### What needs to be done
Type the entries again, word for word.

### Items from a dataset
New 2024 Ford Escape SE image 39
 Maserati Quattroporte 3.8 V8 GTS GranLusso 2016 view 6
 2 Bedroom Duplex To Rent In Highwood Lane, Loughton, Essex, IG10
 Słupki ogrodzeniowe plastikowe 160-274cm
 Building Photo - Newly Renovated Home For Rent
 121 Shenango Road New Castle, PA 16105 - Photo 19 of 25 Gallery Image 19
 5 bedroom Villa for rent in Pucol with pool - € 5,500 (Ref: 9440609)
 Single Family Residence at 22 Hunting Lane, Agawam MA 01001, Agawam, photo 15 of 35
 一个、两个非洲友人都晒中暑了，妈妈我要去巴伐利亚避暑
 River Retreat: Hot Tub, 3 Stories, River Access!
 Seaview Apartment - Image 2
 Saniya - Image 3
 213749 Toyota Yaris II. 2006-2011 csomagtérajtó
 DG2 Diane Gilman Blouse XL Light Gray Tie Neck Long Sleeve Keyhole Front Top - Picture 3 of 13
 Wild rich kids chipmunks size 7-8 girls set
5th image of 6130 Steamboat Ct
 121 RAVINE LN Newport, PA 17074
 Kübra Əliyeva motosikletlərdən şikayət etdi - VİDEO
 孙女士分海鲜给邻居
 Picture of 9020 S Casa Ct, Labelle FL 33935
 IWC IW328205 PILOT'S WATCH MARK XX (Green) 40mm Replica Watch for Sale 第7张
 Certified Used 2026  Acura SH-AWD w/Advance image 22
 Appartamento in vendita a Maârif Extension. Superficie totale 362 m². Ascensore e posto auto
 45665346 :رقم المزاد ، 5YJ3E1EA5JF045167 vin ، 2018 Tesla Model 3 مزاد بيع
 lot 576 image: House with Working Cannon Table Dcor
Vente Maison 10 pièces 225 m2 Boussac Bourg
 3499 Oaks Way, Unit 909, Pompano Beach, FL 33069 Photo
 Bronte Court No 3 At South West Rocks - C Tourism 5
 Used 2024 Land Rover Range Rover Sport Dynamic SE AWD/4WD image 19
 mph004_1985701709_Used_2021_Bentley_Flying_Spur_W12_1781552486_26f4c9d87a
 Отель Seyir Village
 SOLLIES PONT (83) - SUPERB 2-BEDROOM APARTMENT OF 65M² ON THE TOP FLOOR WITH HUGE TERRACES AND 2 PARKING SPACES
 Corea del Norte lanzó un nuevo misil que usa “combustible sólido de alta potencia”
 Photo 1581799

### Solution to the problem
New 2024 Ford Escape SE image 39
 Maserati Quattroporte 3.8 V8 GTS GranLusso 2016 view 6
 2 Bedroom Duplex To Rent In Highwood Lane, Loughton, Essex, IG10
 Słupki ogrodzeniowe plastikowe 160-274cm
 Building Photo - Newly Renovated Home For Rent
 121 Shenango Road New Castle, PA 16105 - Photo 19 of 25 Gallery Image 19
 5 bedroom Villa for rent in Pucol with pool - € 5,500 (Ref: 9440609)
 Single Family Residence at 22 Hunting Lane, Agawam MA 01001, Agawam, photo 15 of 35
 一个、两个非洲友人都晒中暑了，妈妈我要去巴伐利亚避暑
 River Retreat: Hot Tub, 3 Stories, River Access!
 Seaview Apartment - Image 2
 Saniya - Image 3
 213749 Toyota Yaris II. 2006-2011 csomagtérajtó
 DG2 Diane Gilman Blouse XL Light Gray Tie Neck Long Sleeve Keyhole Front Top - Picture 3 of 13
 Wild rich kids chipmunks size 7-8 girls set
5th image of 6130 Steamboat Ct
 121 RAVINE LN Newport, PA 17074
 Kübra Əliyeva motosikletlərdən şikayət etdi - VİDEO
 孙女士分海鲜给邻居
 Picture of 9020 S Casa Ct, Labelle FL 33935
 IWC IW328205 PILOT'S WATCH MARK XX (Green) 40mm Replica Watch for Sale 第7张
 Certified Used 2026  Acura SH-AWD w/Advance image 22
 Appartamento in vendita a Maârif Extension. Superficie totale 362 m². Ascensore e posto auto
 45665346 :رقم المزاد ، 5YJ3E1EA5JF045167 vin ، 2018 Tesla Model 3 مزاد بيع
 lot 576 image: House with Working Cannon Table Dcor
Vente Maison 10 pièces 225 m2 Boussac Bourg
 3499 Oaks Way, Unit 909, Pompano Beach, FL 33069 Photo
 Bronte Court No 3 At South West Rocks - C Tourism 5
 Used 2024 Land Rover Range Rover Sport Dynamic SE AWD/4WD image 19
 mph004_1985701709_Used_2021_Bentley_Flying_Spur_W12_1781552486_26f4c9d87a
 Отель Seyir Village
 SOLLIES PONT (83) - SUPERB 2-BEDROOM APARTMENT OF 65M² ON THE TOP FLOOR WITH HUGE TERRACES AND 2 PARKING SPACES
 Corea del Norte lanzó un nuevo misil que usa “combustible sólido de alta potencia”
 Photo 1581799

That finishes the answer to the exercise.